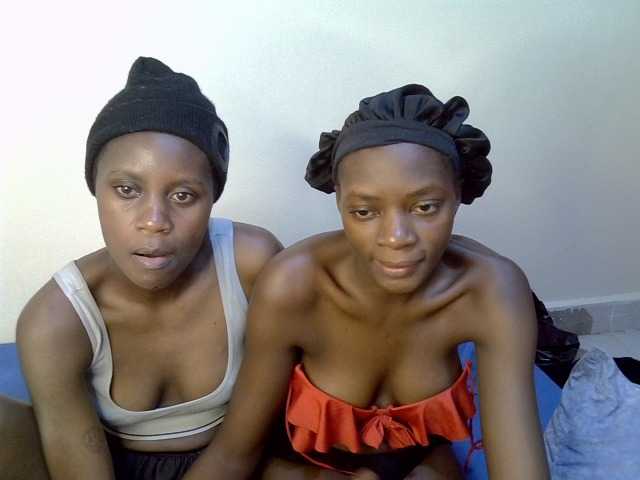 BlushBabes live cam on BongaCams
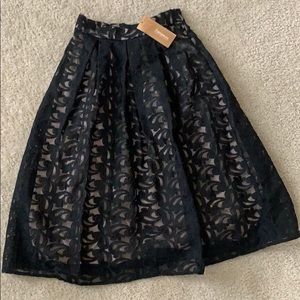 Elegant high waisted black skirt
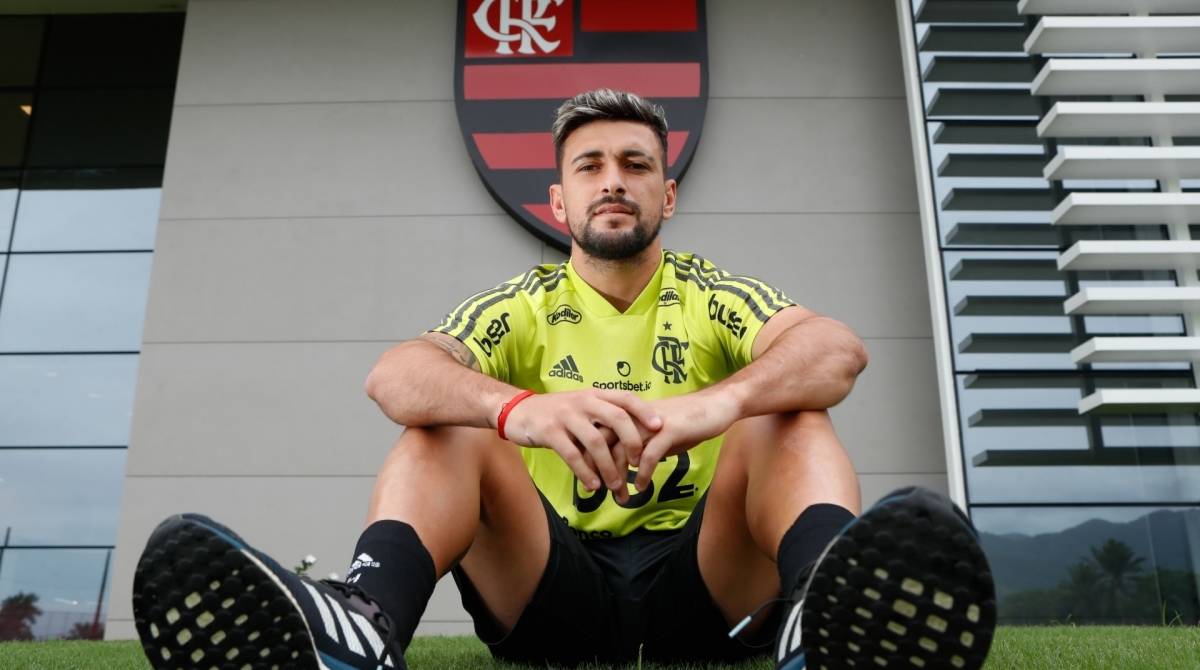 Arrascaeta posa para foto durante entrevista exclusiva para o Jornal O DIA - Gilvan de Souza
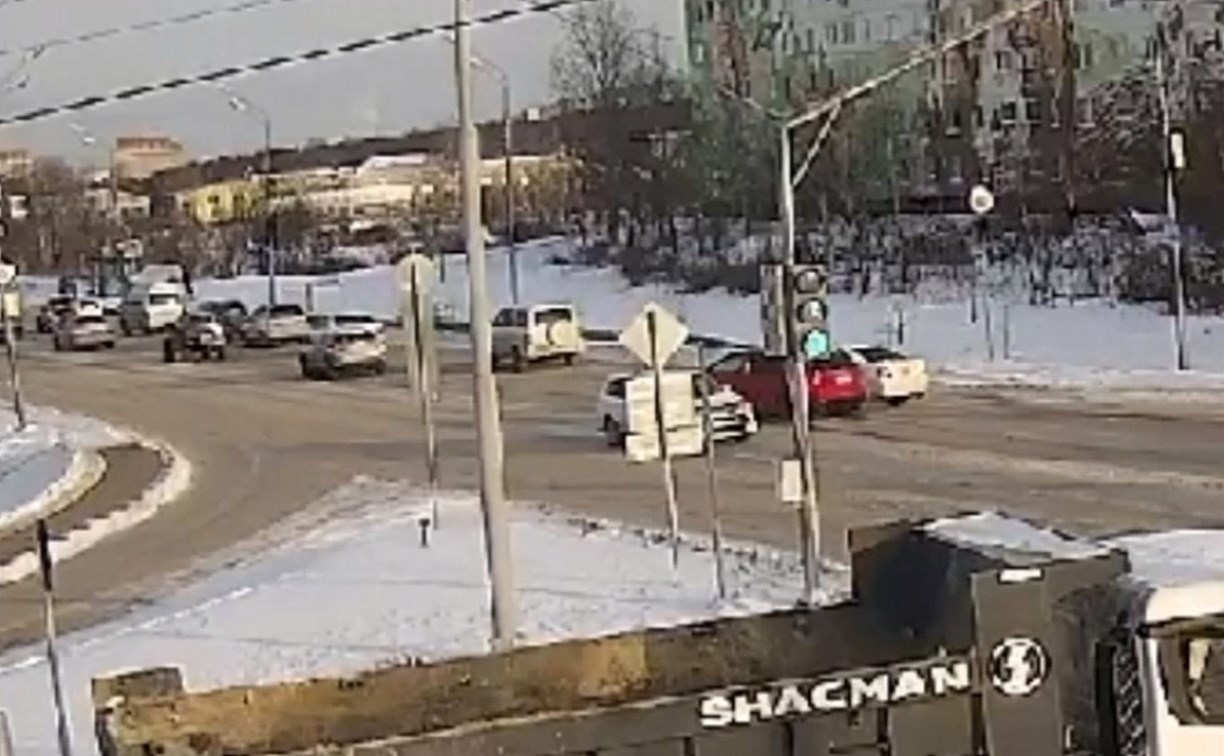  "Неудачно выехал": ещё одно ДТП на Мира - Куропатко в Южно-Сахалинске 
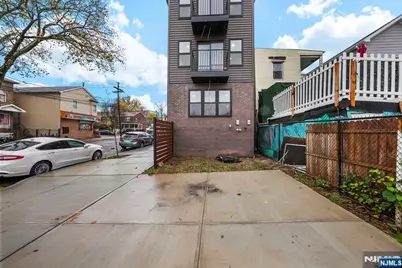 613 S 18th Street, Newark, NJ 07103 - Photo 24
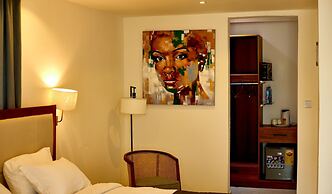 AIDEN HOMES AND APARTMENTS HOTEL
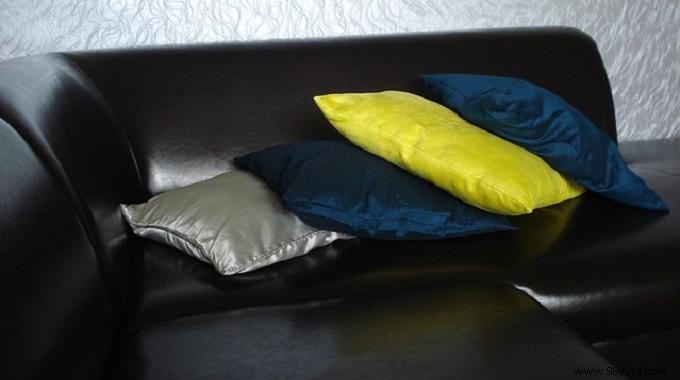 The Miracle Tip To Make Your Leather Sofa Shine. 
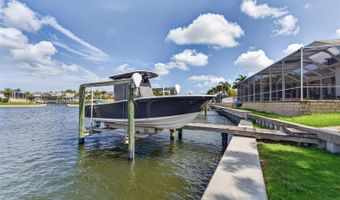 5722 SEA TROUT Pl, Apollo Beach, FL 33572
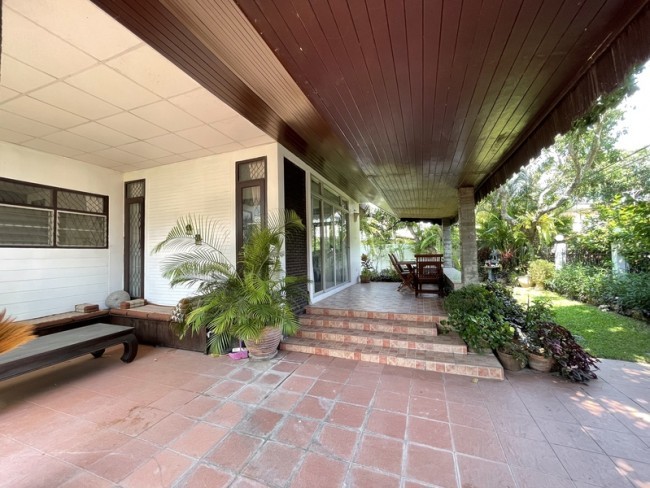 3 Bedroom House For Sale in Pa Daet, Mueang Chiang Mai, Chiang Mai - Image 3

---

> Your task
Retype the listing exactly. Leave the pictures out.

> Answer for this exercise
 BlushBabes live cam on BongaCams
 Elegant high waisted black skirt
 Arrascaeta posa para foto durante entrevista exclusiva para o Jornal O DIA - Gilvan de Souza
  "Неудачно выехал": ещё одно ДТП на Мира - Куропатко в Южно-Сахалинске 
 613 S 18th Street, Newark, NJ 07103 - Photo 24
 AIDEN HOMES AND APARTMENTS HOTEL
 The Miracle Tip To Make Your Leather Sofa Shine. 
 5722 SEA TROUT Pl, Apollo Beach, FL 33572
 3 Bedroom House For Sale in Pa Daet, Mueang Chiang Mai, Chiang Mai - Image 3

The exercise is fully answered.